I don’t understand this corporate logic:
Netflix has given up all hope that there’s a future in DVDs.
…On an earnings conference call with analysts Wednesday, Hastings said Netflix now has no plans to spend any marketing dollars on its DVD-by-mail service, which lost 2.76 million subscribers during the last three months of 2011.
“We expect DVD subscribers to decline each quarter forever,” he said.
(click here to continue reading Netflix sees DVD business withering, gives up on video games – latimes.com.)
especially when the DVD rental is the bulk of Netflix’s business, and generates most of its profits:
While the streaming business is growing (adding 220 subscribers domestically in the quarter), and the DVD business sis shrinking (it lost 2.76 million subscribers domestically), it’s margins are much worse than the legacy DVD business. The streaming business has an 11 percent profit margin, compared to a very healthy 52 percent margin for the DVD business.

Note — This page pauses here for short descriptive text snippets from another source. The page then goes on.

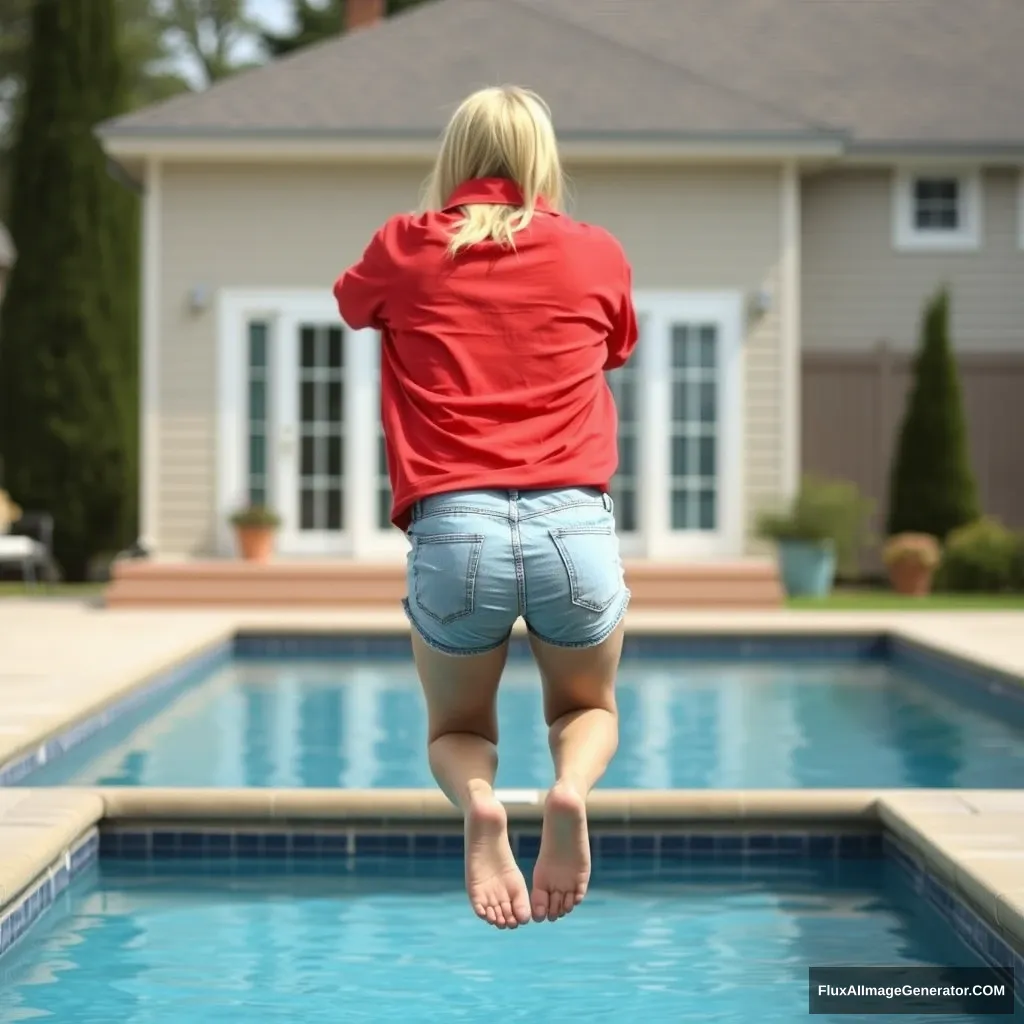 Back view of a young blonde skinny woman in her early twenties is in her large backyard wearing an extremely oversized red polo shirt that is somewhat off balance on one of her shoulders, with the bottom part of her shirt untucked. She is also wearing medium-sized light blue denim shorts and no shoes or socks as she dives into her pool headfirst.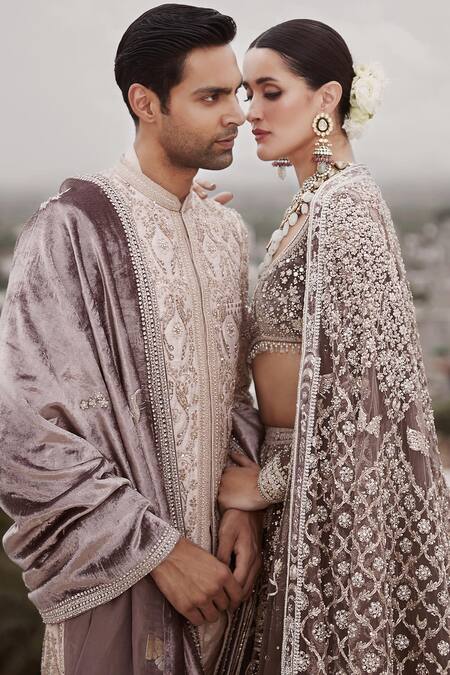 Matsya_Beige Silk Diamonds, Sequins, Royal Amanbagh Dori Embroidered Sherwani Set _Online_at_Aza_Fashions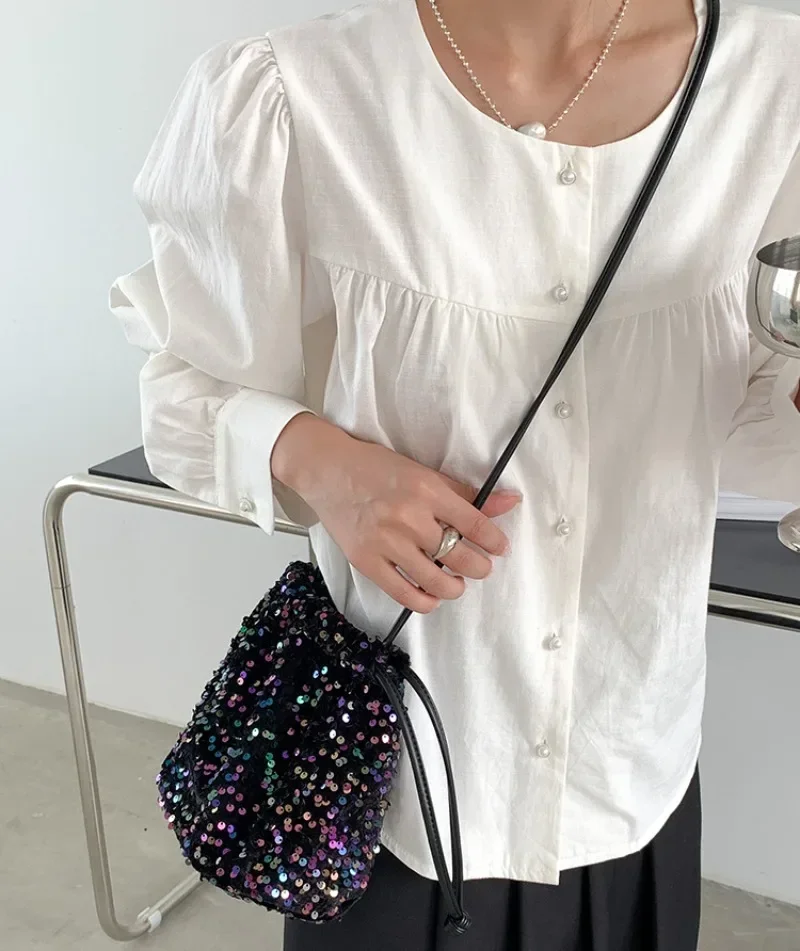 New Chic Sequined Shoulder Bags Fashion Popular Bucket Bag Drawstring Shing Crossbody Bag Designed Bolsas Сумка Winter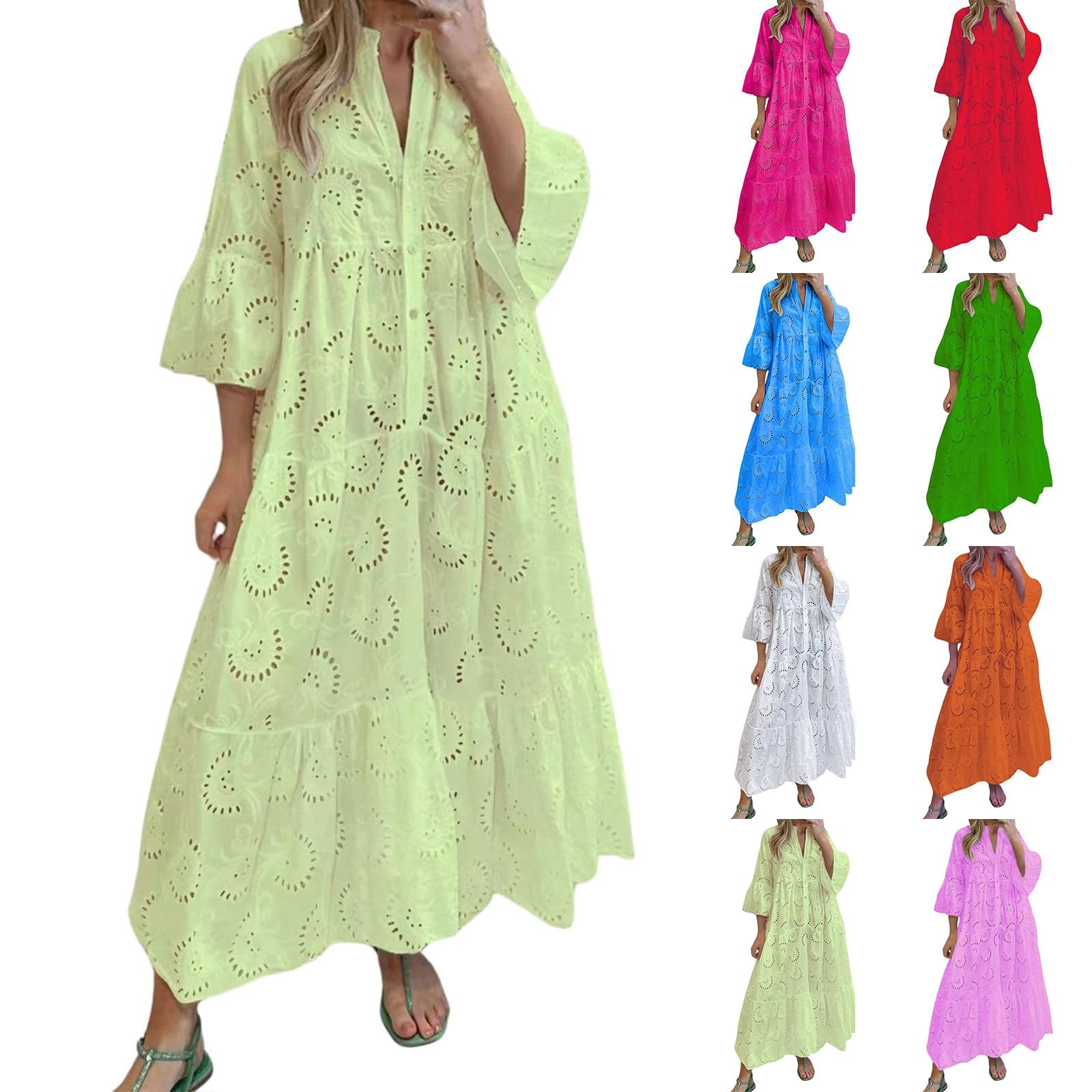 Shirtkleid Damen Sommer Lang Sommerkleid Elegant 3/4 Ärmel Blusenkleid Knopfleiste Casual Wickelkleid Leicht Bequeme Tunika Kleider Lockere Maxikleid Einfarbig Strandkleider Große Größen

Out of Netflix’s total $847 million in revenues last quarter, $476 million came from streaming and $370 million came from DVD rentals (the remainder came from international). The streaming business also twice as many subscribers: 21.7 million versus 11.2 million. But the DVD business contributed the vast majority of Netflix’s profit: $194 million versus $52 million.
If you break that down, each streaming subscriber is worth only $2.40 in profit each quarter to Netflix, compared to $17.32 for each DVD subscriber. The old business was very lucrative. The new business kind of sucks. The economics are very different. The DVD business had fixed costs, while Netflix is forced to negotiate streaming licenses on a case by case basis with each media company.

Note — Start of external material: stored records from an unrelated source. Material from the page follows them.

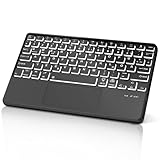 IVEOPPE Bluetooth Tastatur mit Touchpad iPad/Samsung/Lenovo, Deutsch QWERTZ Layout für iOS, Android-Tablets, 7-Farbige Beleuchtung Wiederaufladbar Tastatur für Galaxy Tab, Xiaomi Pad, Lenovo, Schwarz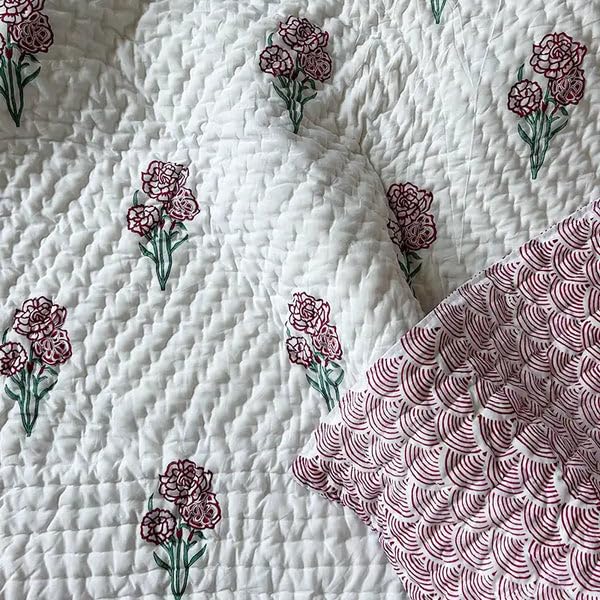 THE JAIPUR WALA Organic Mulmul Cotton Quilt - Rose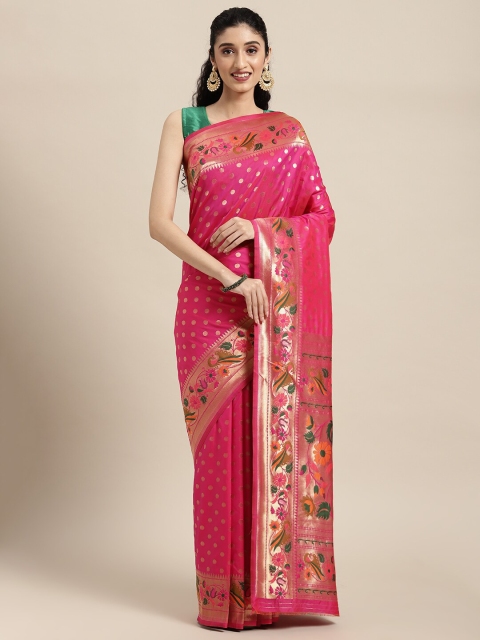 

Pandadi Saree Women Pink & Green Woven Design Zari Silk Blend Paithani Sarees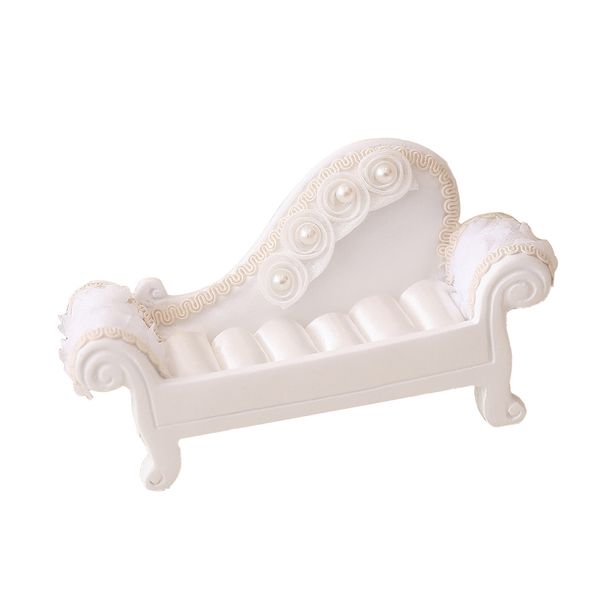 

white sofa couch chair jewelry case ring box dollhouse miniature furniture, Black;white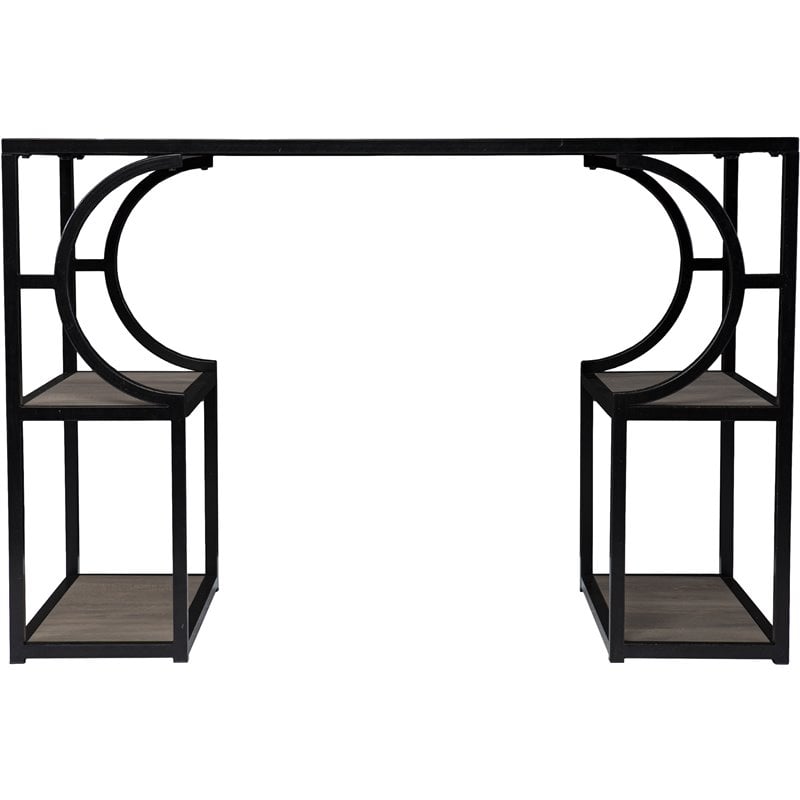 SEI Furniture Tyberton Wooden Writing Desk in Natural and Black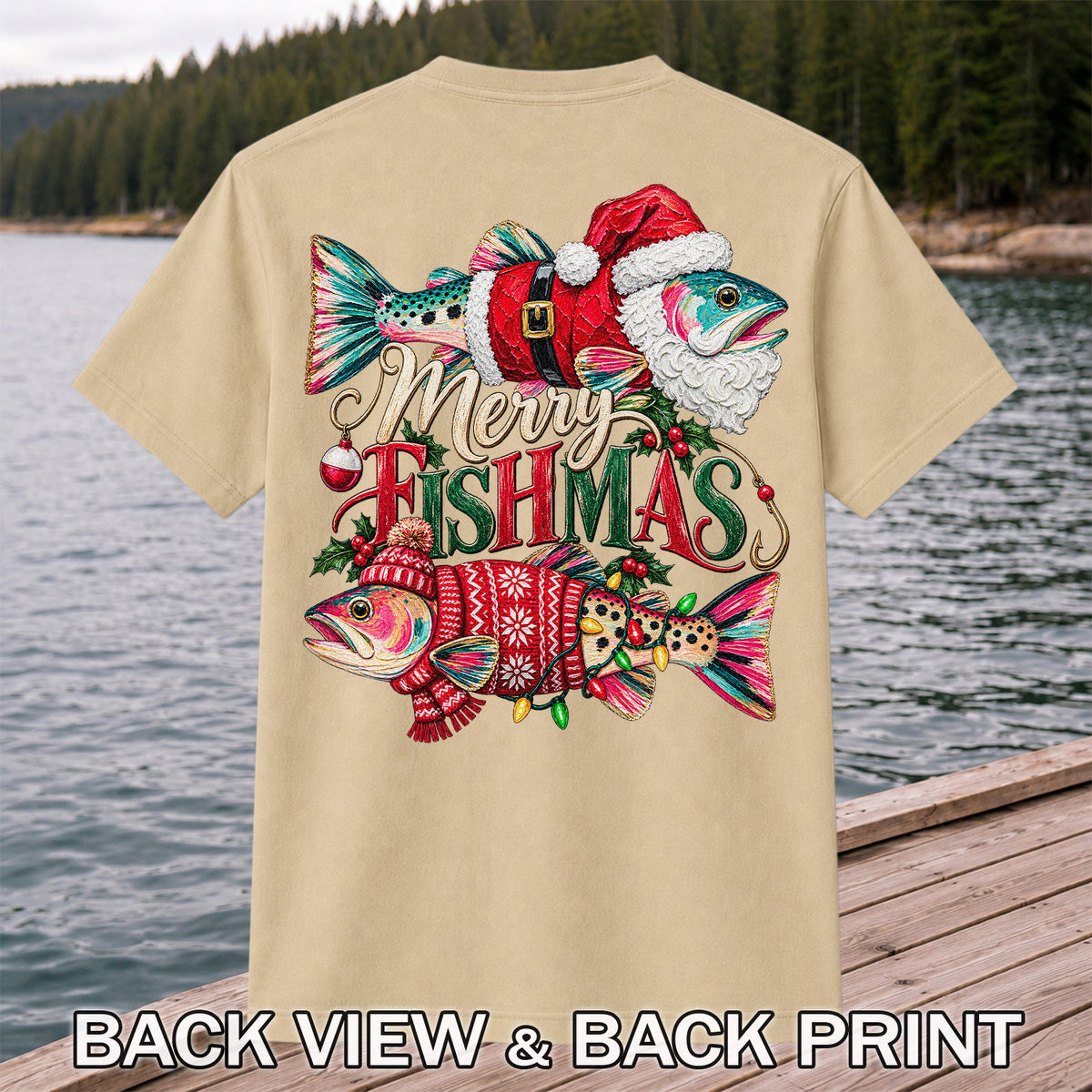 Merry Fishmas Santa Fish Christmas Fishing Graphic T-Shirt | Back Print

(click here to continue reading Netflix Streaming Margins Are 11 Percent, DVD Margins Are 52 Percent | TechCrunch.)
Maybe Netflix can sell its DVD business to someone who cares about it still. From my perspective as a long time Netflix subscriber (since September, 2001, actually), the streaming option is occasionally useful, but most films I want to watch are not available as a streaming option, nor are their “extras” included. Often my streamed film is fuzzy, pixelated, the sound doesn’t sync, subtitles are unreliable, or unavailable, and so on. Unfortunately, there is no other solution, or I would have dumped Netflix over the summer.
There is also the issue with the DVD throttling practice. I returned two films at the same time; one was received by Netflix the next day, the second took an extra three days, presumedly because it was supposed to go to Bloomington, IL first. If Netflix despises its DVD rental business so much, perhaps they ought not to care enough to throttle anymore. There is no limit to the amount of streamed video one can view, why the rental restriction?